# [Aim of the exercise]
Once "Decorative yellow flower" turns up in a line below, reproduce that line and those after it exactly, stopping after the line with "Cannoli are popular"; leave pictures out.

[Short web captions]

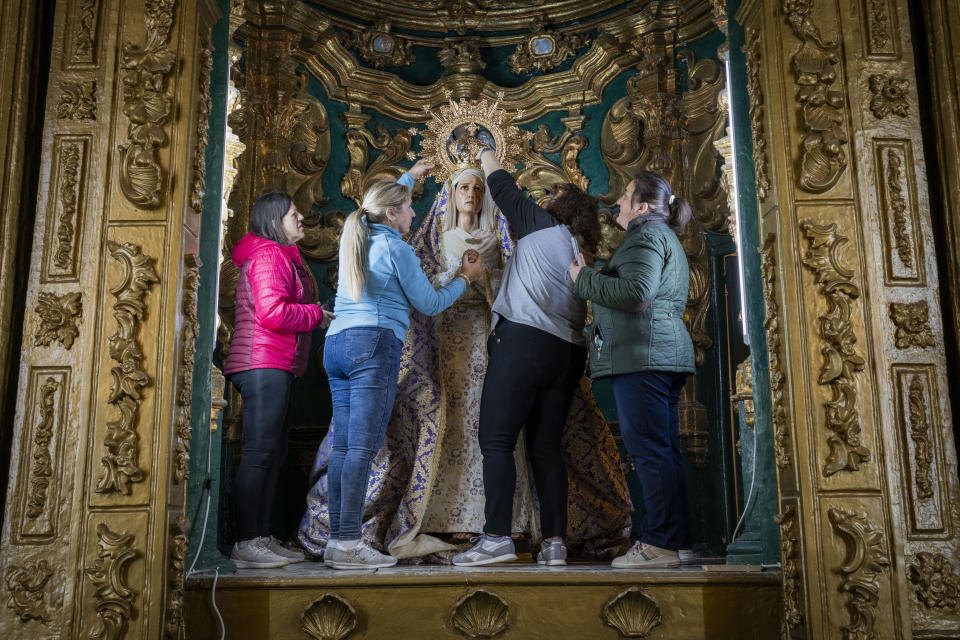 Members of the "Vera Cruz" Catholic brotherhood place back the "Virgen de los Dolores" after a Holy Week procession in the southern town of Quesada, Spain, Saturday, March 30, 2024. (AP Photo/Bernat Armangue)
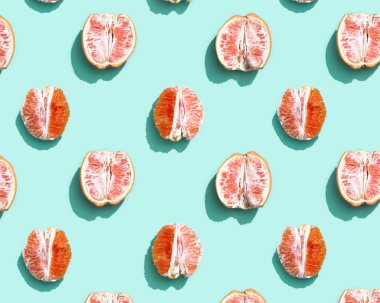 Turuncu kabuksuz kırmızı desen ya da parlak turkuaz arka planda greyfurt. En az yaz meyvesi konsepti.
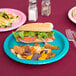 A Bermuda Blue Creative Converting paper plate with food on a table.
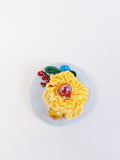 Decorative yellow flower brooch on light blue background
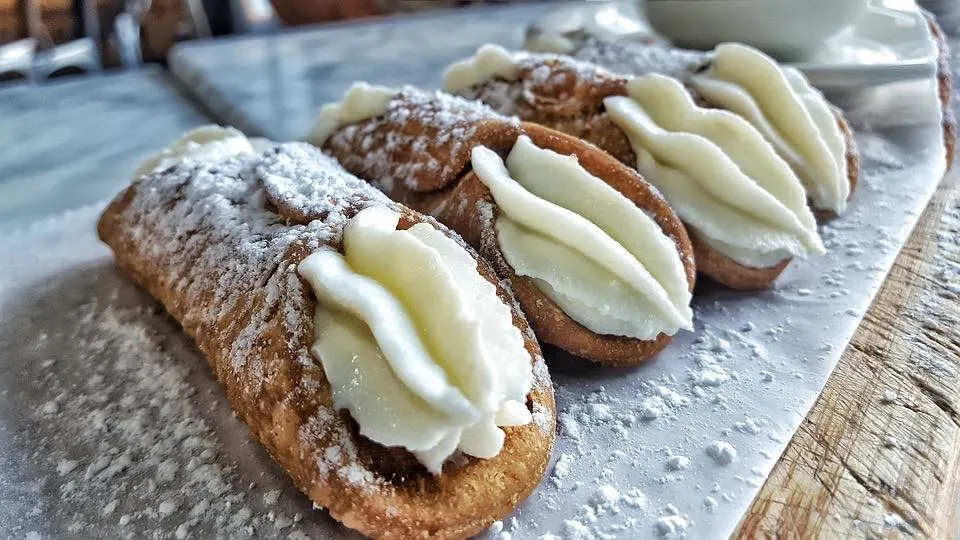 Cannoli are popular cakes and famous traditional foods in Italy 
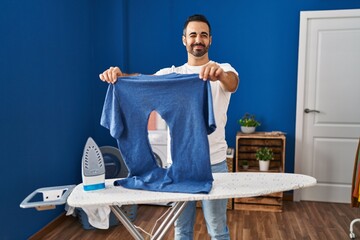 Canvas Print - Young hispanic man with beard ironing holding burned iron shirt at laundry room winking looking at the camera with sexy expression, cheerful and happy face.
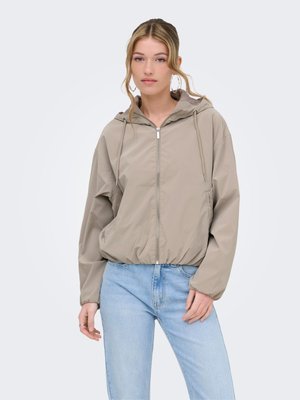 Jeune femme portant une veste à capuche beige clair zippée et un jean bleu clair, posant avec une main dans la poche sur un fond blanc.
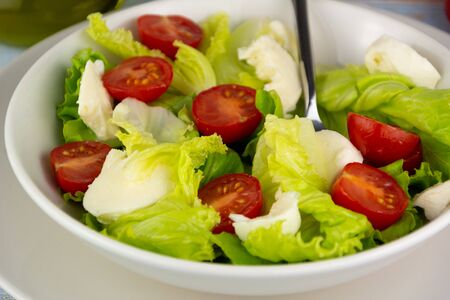 Salad with tomato cheese and lettuce, dietetic food, seasoned with Spanish olive oilの写真素材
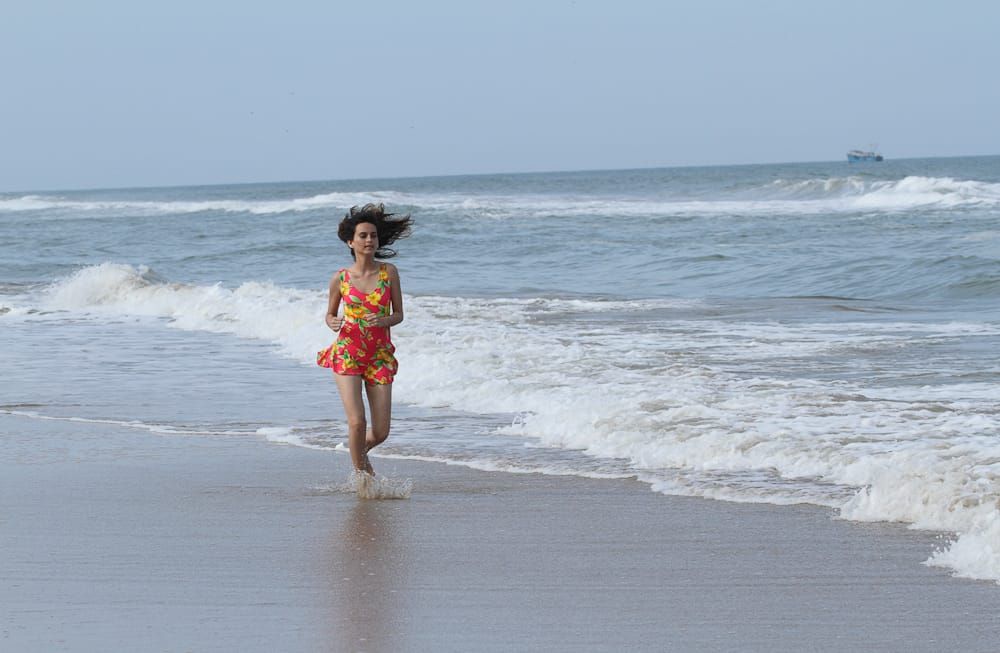 Sandy beach along the shoreline with ocean waves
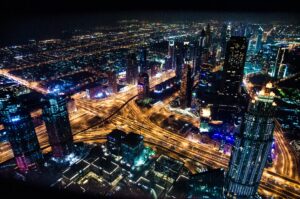 Aerial view of a vibrant cityscape at night with illuminated skyscrapers and busy roads forming a glowing network.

# [Response area]
 Decorative yellow flower brooch on light blue background
 Cannoli are popular cakes and famous traditional foods in Italy 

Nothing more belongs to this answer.